Why is the variance of a binomial distribution NP 1 p?
From Bernoulli Process as Binomial Distribution, we see that X as defined here is the sum of the discrete random variables that model the Bernoulli distribution. Each of the Bernoulli trials is independent of each other. Hence we can use Sum of Variances of Independent Trials. Thus the variance of B(n,p) is np(1−p).
Why is the sample variance divided by n 1?
The variance estimator makes use of the sample mean and as a consequence underestimates the true variance of the population. Dividing by n-1 instead of n corrects for that bias. Furthermore, dividing by n-1 make the variance of a one-element sample undefined rather than zero.
How do you find the variance of a sample proportion?
Sample Proportions The variance of X/n is equal to the variance of X divided by n², or (np(1-p))/n² = (p(1-p))/n . This formula indicates that as the size of the sample increases, the variance decreases.
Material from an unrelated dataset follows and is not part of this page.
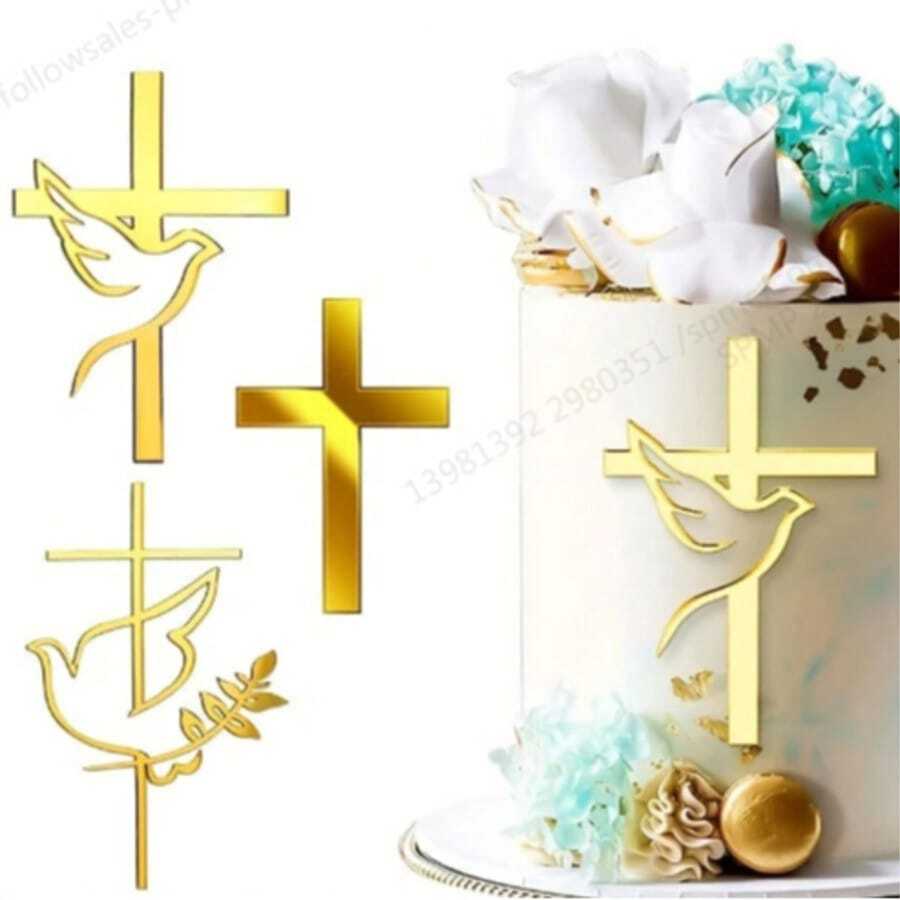 3 pièces, Décorations de gâteau en acrylique avec colombe et croix pour baptême, décoration de gâteau pour première communion, décoration de gâteau pour baby shower, décoration de gâteau d'anniversaire, fournitures de décoration de gâteau DIY, fournitures pour fête chrétienne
What formula is p 1 p )/ N?
What is the Standard Error Formula?
| Statistic (Sample) | Formula for Standard Error. |
|---|---|
| Sample mean, | = s / √ (n) |
| Sample proportion, p | = √ [p (1-p) / n)] |
| Difference between means. | = √ [s21/n1 + s22/n2] |
| Difference between proportions. | = √ [p1(1-p1)/n1 + p2(1-p2)/n2] |
Is variance N or N-1?
In statistics, Bessel’s correction is the use of n − 1 instead of n in the formula for the sample variance and sample standard deviation, where n is the number of observations in a sample. This method corrects the bias in the estimation of the population variance.
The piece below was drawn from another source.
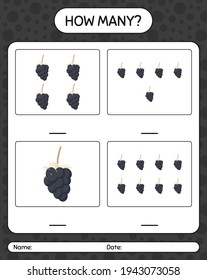 How many counting game with dewberry worksheet for preschool kids, kids activity sheet, printable worksheet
Why is the formula for sample variance different from the formula for population variance?
Differences Between Population Variance and Sample Variance The only differences in the way the sample variance is calculated is that the sample mean is used, the deviations is summed up over the sample, and the sum is divided by n-1 (Why use n-1?).
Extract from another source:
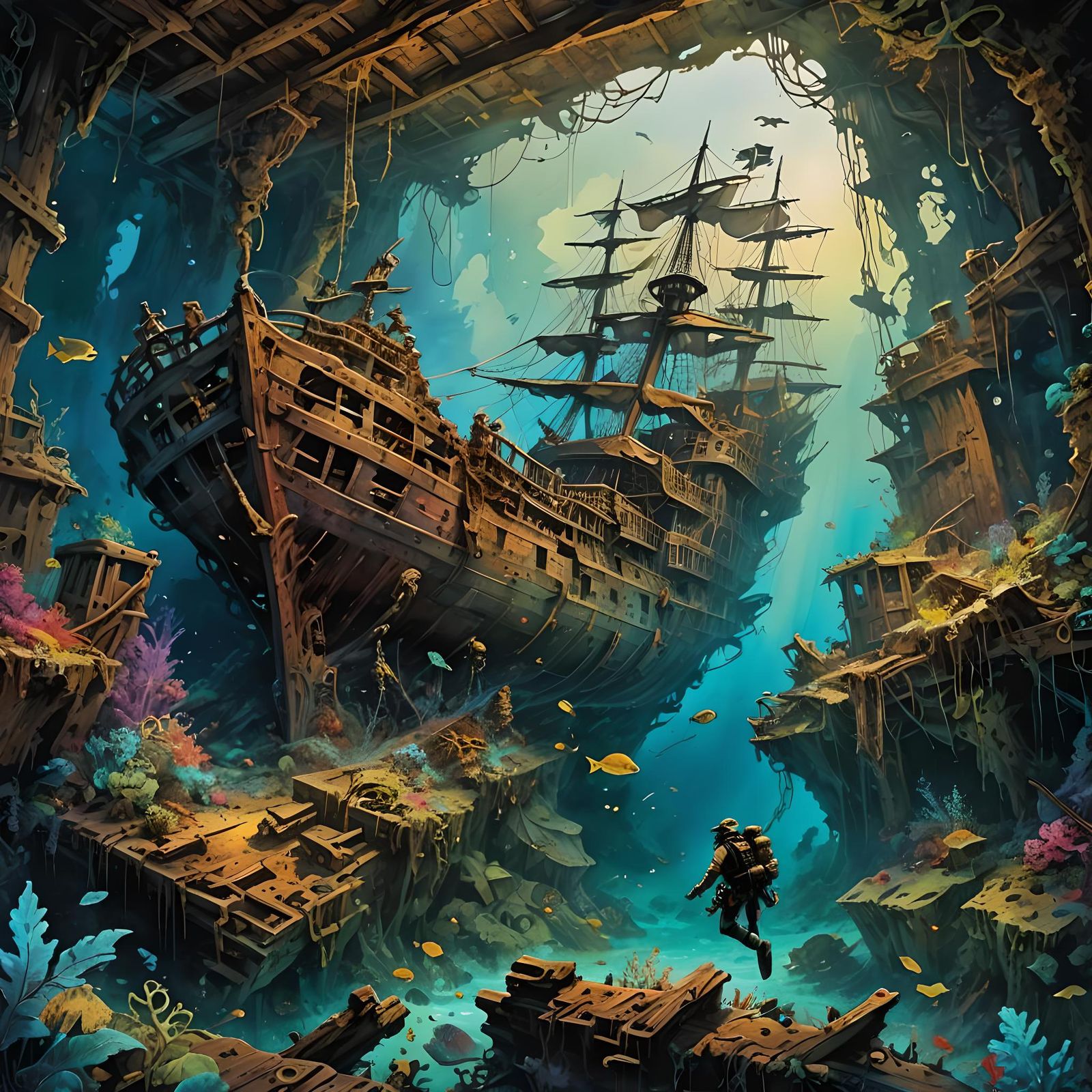 Divers Discover Sunken Pirate Shipwreck in Watercolor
Why is sample proportion a random variable?
The sample proportion is a random variable: it varies from sample to sample in a way that cannot be predicted with certainty. Viewed as a random variable it will be written ˆP. In the same way the sample proportion ˆp is the same as the sample mean ˉx. Thus the Central Limit Theorem applies to ˆp.
Why does NP and N 1 p have to be greater than 10?
In order to use the normal approximation, we consider both np and n( 1 – p ). If both of these numbers are greater than or equal to 10, then we are justified in using the normal approximation. This is a general rule of thumb, and typically the larger the values of np and n( 1 – p ), the better is the approximation.
When one is testing hypotheses on a proportion What are the necessary requirements?
When testing a single population proportion use a normal test for a single population proportion if the data comes from a simple, random sample, fill the requirements for a binomial distribution, and the mean number of success and the mean number of failures satisfy the conditions: np > 5 and nq > n where n is the …
Why is it necessary to check that NP is greater than or equal to 5 and NQ is greater than or equal to 5?
It is necessary to check that np≥5 and nq≥5 because, if either of the values are less than 5, the distribution may not be normally distributed, thus zc cannot be used to calculate the confidence interval.